Yogi Berra once posited about a restaurant suffering a perceived decline, "Nobody goes there anymore -- it's too crowded." San Francisco parking faces the same dilemma: high parking occupancy and low turnover make parking in San Francisco a headache as drivers are forced waste upwards of 45 minutes orbiting for a space, adding to traffic and burning gasoline.
To combat this problem, the SFMTA is considering two proposals: SF Park, an initiative to use parking technology to make finding and paying for parking easier, and the recently unveiled the Extended Meter Hours Study (EMHS), which would extend parking meter operations in a number of neighborhoods. Increasing turnover and making more spaces available should be quite welcome in a number of neighborhoods where parking is at 100% utilization (or more, when counting cars double-parked, left in illegal spots, or parked on the sidewalk). Implementing the EMHS would also raise an estimated $9 million per year for Muni.

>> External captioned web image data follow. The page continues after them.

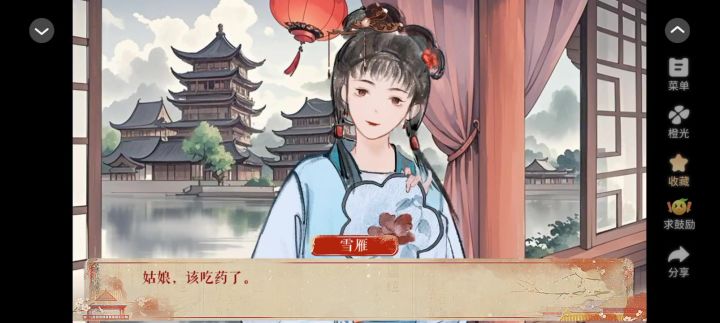 29截图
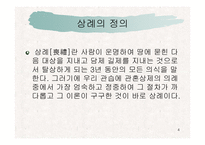 [한국전통문화] 상례-4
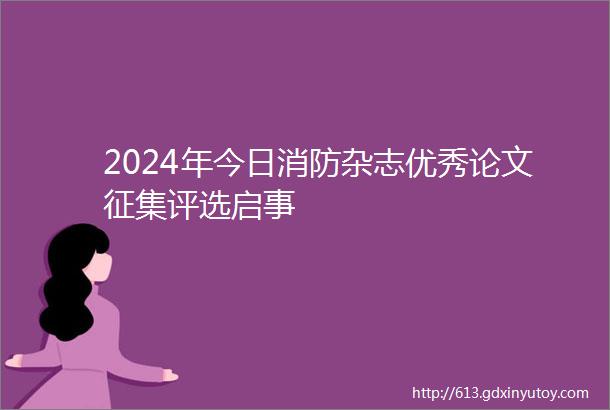 2024年今日消防杂志优秀论文征集评选启事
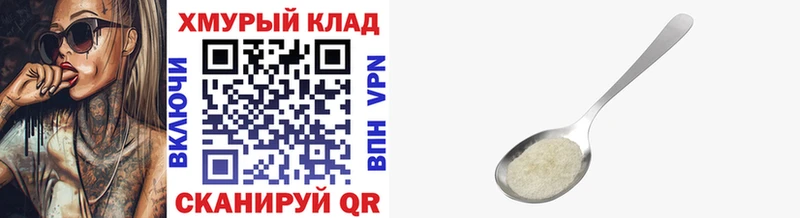 Купить где  Егорьевск  Героин Heroin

There has been some push-back. Some merchants are concerned that an increase in the cost of parking will push shoppers to drive to malls where parking is ample and free. And advocates of the EMHS are concerned about the fate of a similar measure in Oakland, where the City Council saw fierce resistance to, and ultimately retreated from, an attempt at extending parking meter operations and raising the parking fee. Public outreach regarding the EMHS is ongoing; hopefully SFMTA will be able to provide easier parking for motorists and higher revenues for transit.